From a theoretical point of view, there are two views on the impact of dividend taxation on the economy. The first is associated with neoclassical economic theory and inspires liberal political currents. It believes that lower taxes reduce the cost of financing for companies, as they have to compensate their shareholders less for these taxes. This has the effect of increasing corporate investment and, as a result, productivity, profits and, in the long run, dividends. An alternative view postulates that companies finance new investments by drawing on their reserves. A tax cut should therefore not affect corporate investment and productivity.
The Swiss case
The Swiss tax reform of 2011 provides an ideal framework for studying the impact of a dividend tax cut and testing these two competing theories. Let's take a step back in time. On February 24, 2008, the Swiss people accepted a corporate tax reform by a narrow majority. This package of measures was mainly aimed at reducing the tax burden on Swiss SMEs to facilitate their development and employment. In this context, the reform introduced the capital contribution principle, which allows the owner of a company to withdraw the capital provided to the company without being taxed.

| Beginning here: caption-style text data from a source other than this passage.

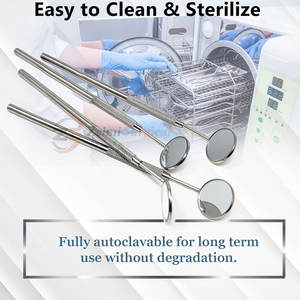 Specchio della bocca dentale di alta qualità su misura dello specchio della bocca dentale professionale della bocca dello specchio - Product Image 5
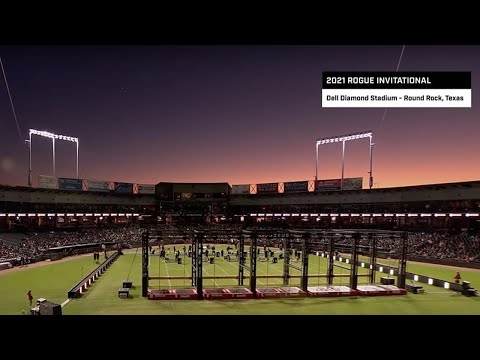 2021 Rogue Invitational - Men's Individual Event 2 - Bella Complex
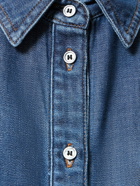 WEEKEND MAX MARA Berard Classic Cotton Denim Shirt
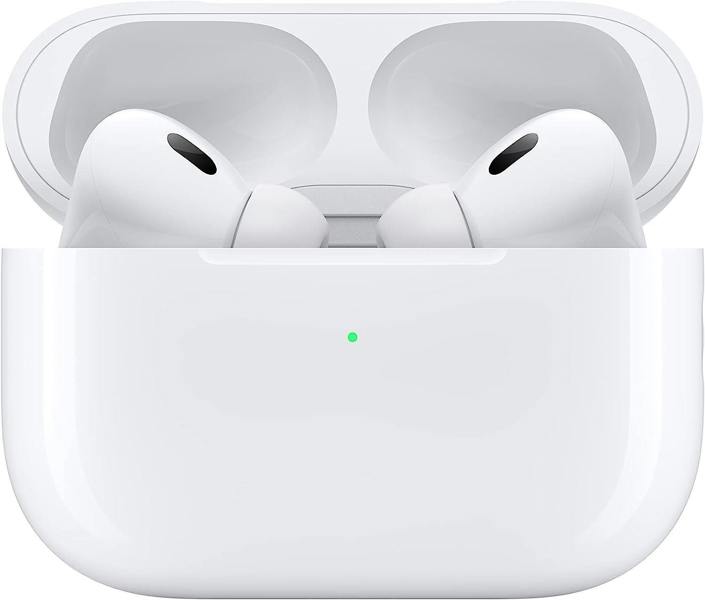 Apple AirPods Pro 2nd Gen With USB-C MagSafe Charging Case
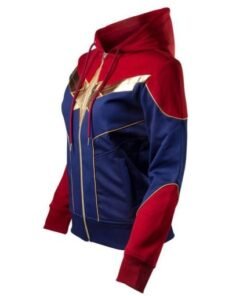 Captain Marvel Carol Danvers Hoodie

When the reform came into force on January 1, 2011, an unforeseen element, which had never been discussed before the popular vote, appeared in the circular issued by the Federal Tax Administration. This circular explicitly allowed dividends to be paid from reserves from capital contributions. This new type of dividend was therefore completely tax-free. Thus, companies that had been able to obtain recognition of the constitution of such reserves since 1997 (mainly acquired through capital increases) were able to pay tax-free dividends to their shareholders. Since 2011, more than 140 Swiss listed companies have made use of this system. Our estimates indicate that an average of 10 billion Swiss francs in dividends net of tax has been paid out each year since 2011 (see Figure 1) and that these companies had, on average, reserves to pay seven years of untaxed dividends.
Figure 1: Evolution of total dividend payments (in CHF billion)
The introduction of the 2011 reform makes it possible to assess the impact of dividend taxation on corporate behaviour accurately. Indeed, we can consider that the possibility of paying a tax-free dividend was determined in a quasi-random way since it was impossible to anticipate the introduction of such a law and to build up reserves in anticipation of it. It is, therefore, possible to compare the behaviour of firms with reserves from capital contributions (RCC) with those that do not have any and that constitute a control group (without RCC). Since the business environment is the same for firms with and without RCC, any change in behaviour can be causally attributed to the tax cut.
No effect on the real economy
In a recently published study1, we analysed the behaviour of Swiss companies around the 2011 reform. In doing so, we were able to answer various open questions about the effect of dividend taxation. Our study shows that companies massively increase their dividends following the abolition of taxation (see Figure 2). Indeed, the average dividend yield and the average pay-out ratio have increased by about 30%, and the proportion of firms paying dividends has increased by 10%. The variations observed indicate that companies tend to retain too large a fraction of their resources within the company instead of redistributing them to their shareholders in the presence of taxes.
Our study shows that companies massively increased their dividends following the abolition of taxation.
Figure 2: Evolution of dividend payments
Following the announcement of tax-free dividend payments, companies' share prices affected by the reform increased by an average of 2.4%. This indicates that the removal of the tax has generated an increase in the valuation of companies. As for the real effects, we find that investments remain stable after the reform for both categories of firms (see Figure 3). This suggests that firms are relatively insensitive to the dividend tax rate and use their reserves to finance new investments.
Similarly, the number of employees and the wage levels have not been affected by the reform. Overall, our results clearly indicate that a reduction in dividend taxation has no real effect on the economy. Consequently, our study challenges the neoclassic view that any increase in dividend taxation weakens economic growth by reducing investment. Instead, our results show that a decrease in dividend taxation has a significant effect on the amount of dividends paid and the valuation of firms.
Investment, number of employees and wages: none of them has been affected by the reform.